### EXERCISE DIRECTIONS
Repeat the listing exactly. The images do not belong in the copy.

### THE DATA
..............................
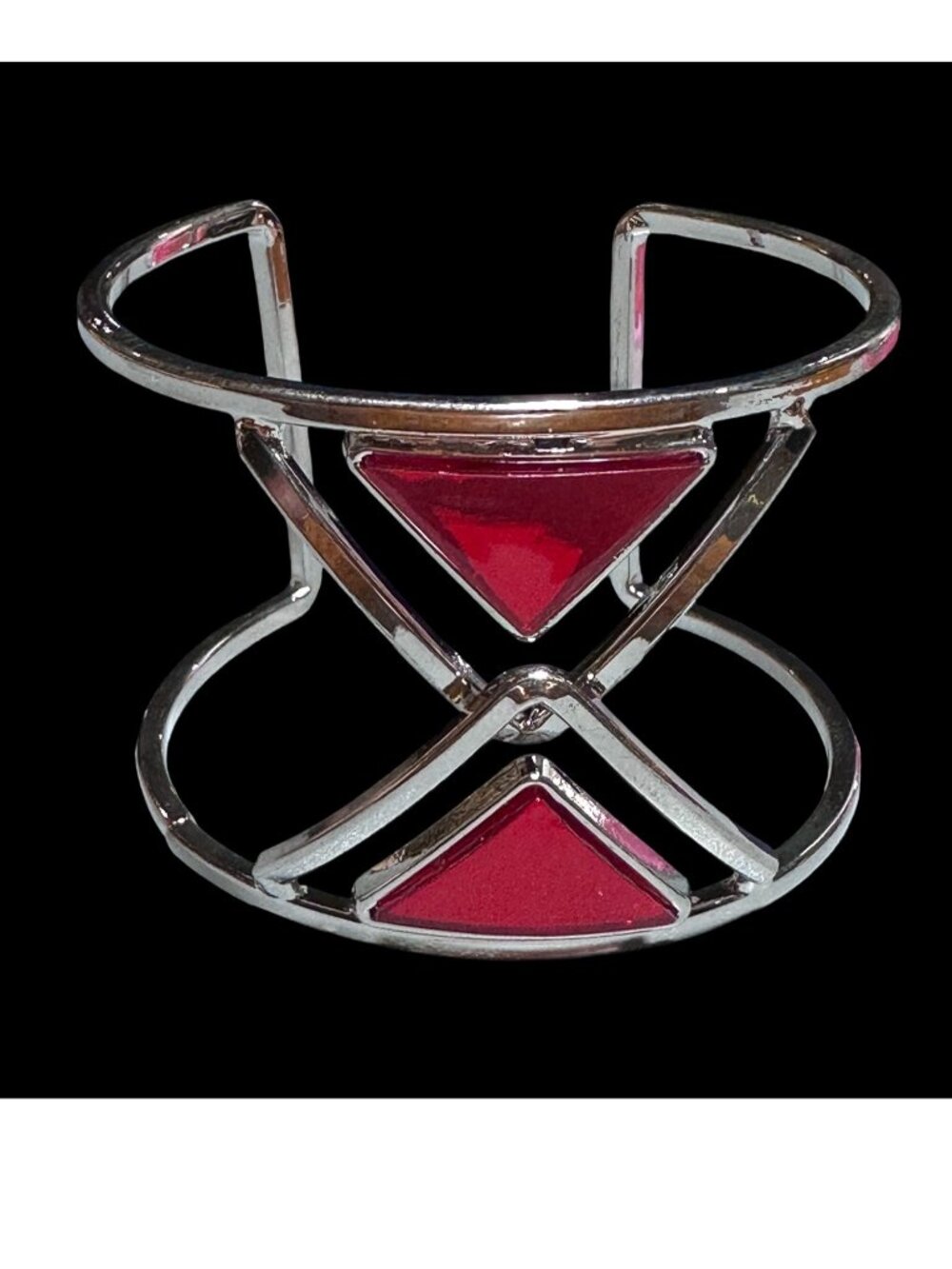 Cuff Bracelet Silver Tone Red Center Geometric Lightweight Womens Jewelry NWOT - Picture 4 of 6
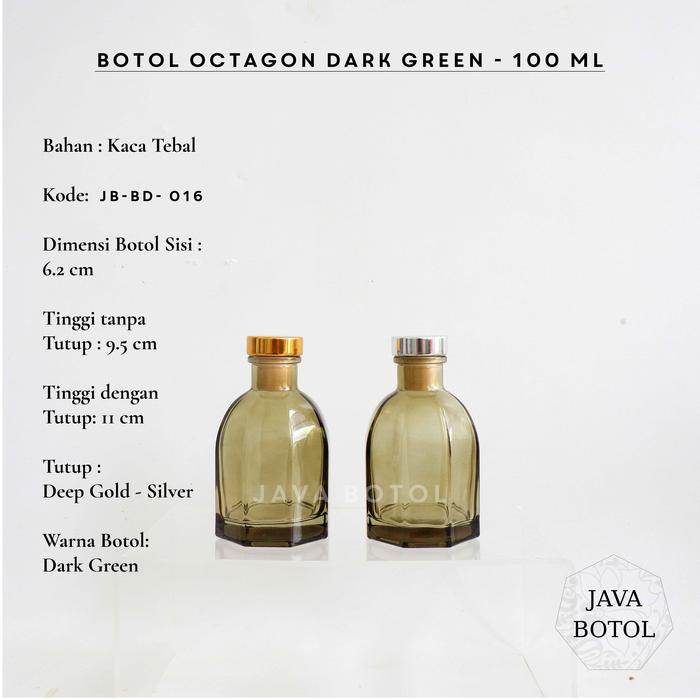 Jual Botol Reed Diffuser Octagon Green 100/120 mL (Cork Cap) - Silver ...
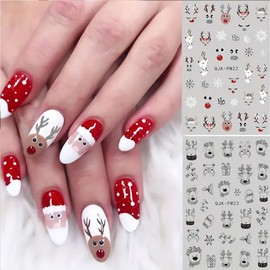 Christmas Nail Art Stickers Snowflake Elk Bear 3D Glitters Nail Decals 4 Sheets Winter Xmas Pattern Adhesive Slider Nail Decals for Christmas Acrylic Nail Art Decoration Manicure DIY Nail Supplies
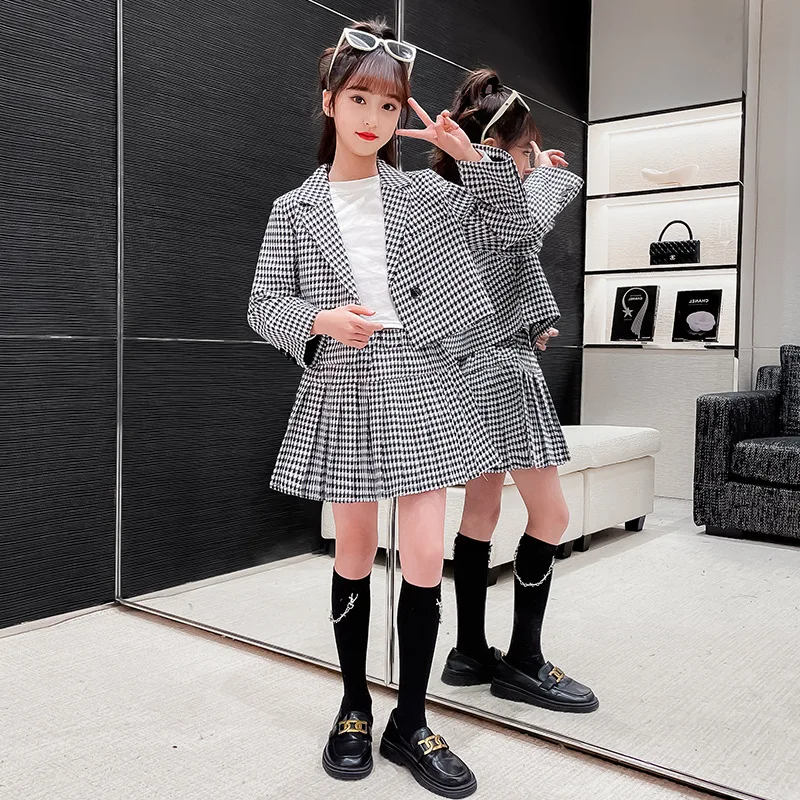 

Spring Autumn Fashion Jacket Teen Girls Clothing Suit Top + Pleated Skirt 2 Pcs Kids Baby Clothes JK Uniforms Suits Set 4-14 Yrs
..............................
### RESPONSE TO THE TASK
 Cuff Bracelet Silver Tone Red Center Geometric Lightweight Womens Jewelry NWOT - Picture 4 of 6
 Jual Botol Reed Diffuser Octagon Green 100/120 mL (Cork Cap) - Silver ...
 Christmas Nail Art Stickers Snowflake Elk Bear 3D Glitters Nail Decals 4 Sheets Winter Xmas Pattern Adhesive Slider Nail Decals for Christmas Acrylic Nail Art Decoration Manicure DIY Nail Supplies

Spring Autumn Fashion Jacket Teen Girls Clothing Suit Top + Pleated Skirt 2 Pcs Kids Baby Clothes JK Uniforms Suits Set 4-14 Yrs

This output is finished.